*** Opening SUPPLIED DATA ***

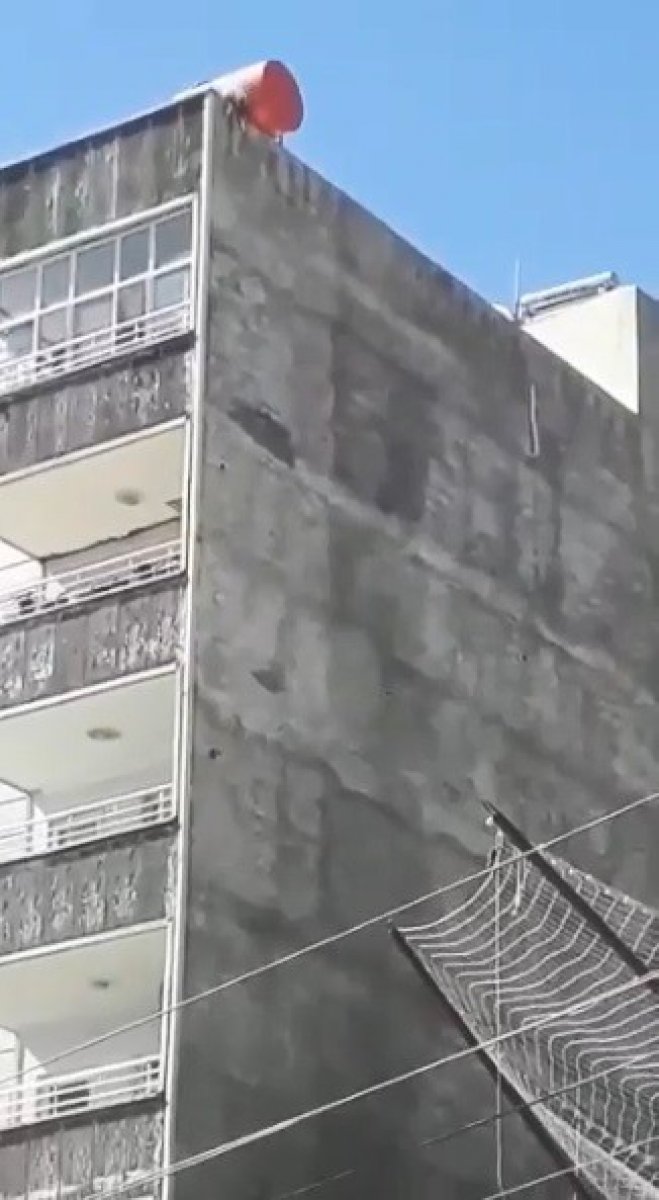 Şanlıurfa’da, çatı katında mahsur kalan köpek 7 nci kattan atladı  #1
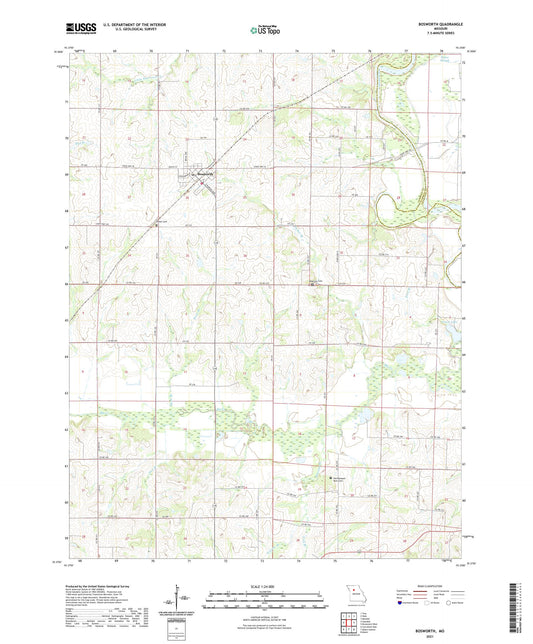 Bosworth Missouri US Topo Map Image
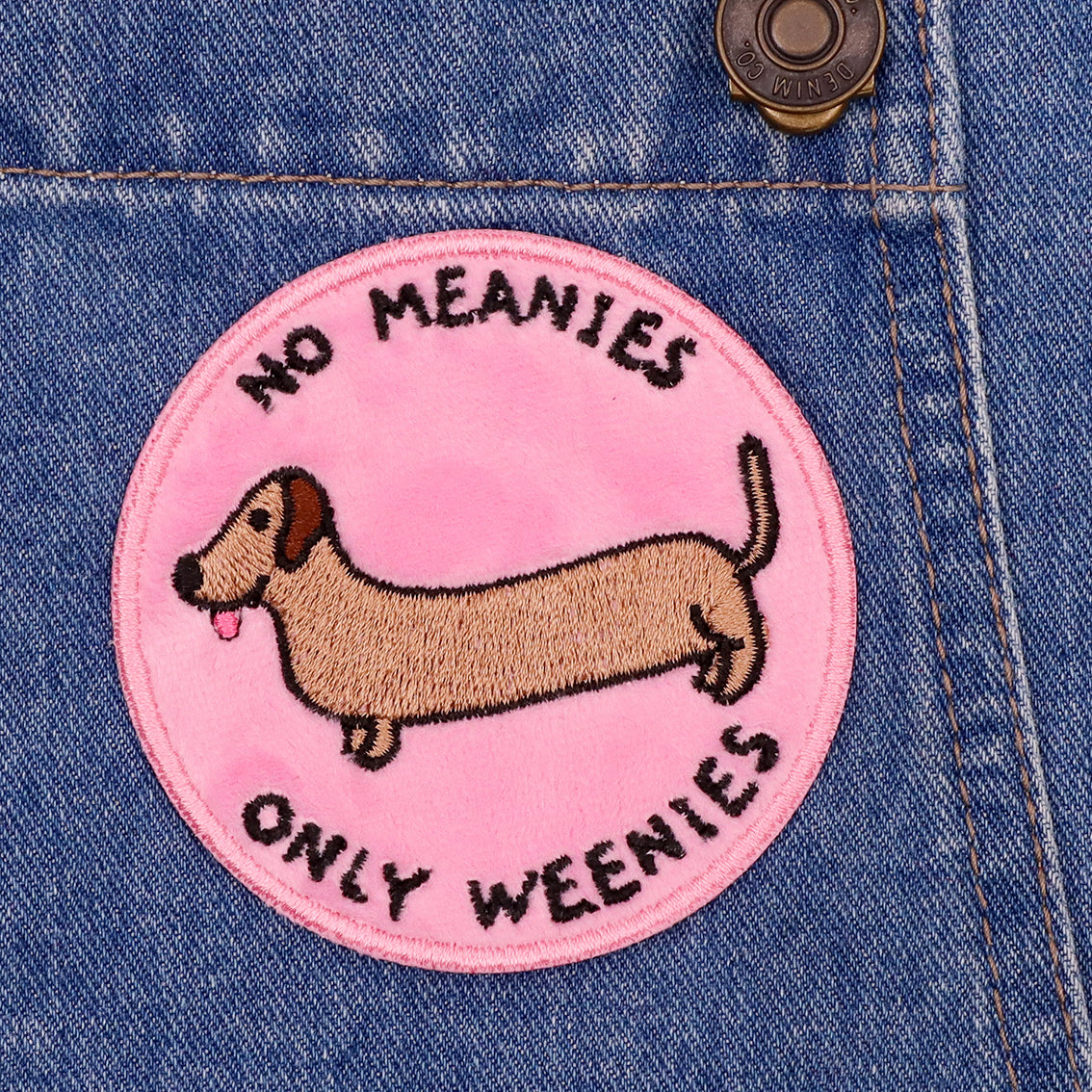 sausage dog patch pink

*** Closing SUPPLIED DATA ***

Everything in the listing except the pictures must come back exactly as written.

 Şanlıurfa’da, çatı katında mahsur kalan köpek 7 nci kattan atladı  #1
 Bosworth Missouri US Topo Map Image
 sausage dog patch pink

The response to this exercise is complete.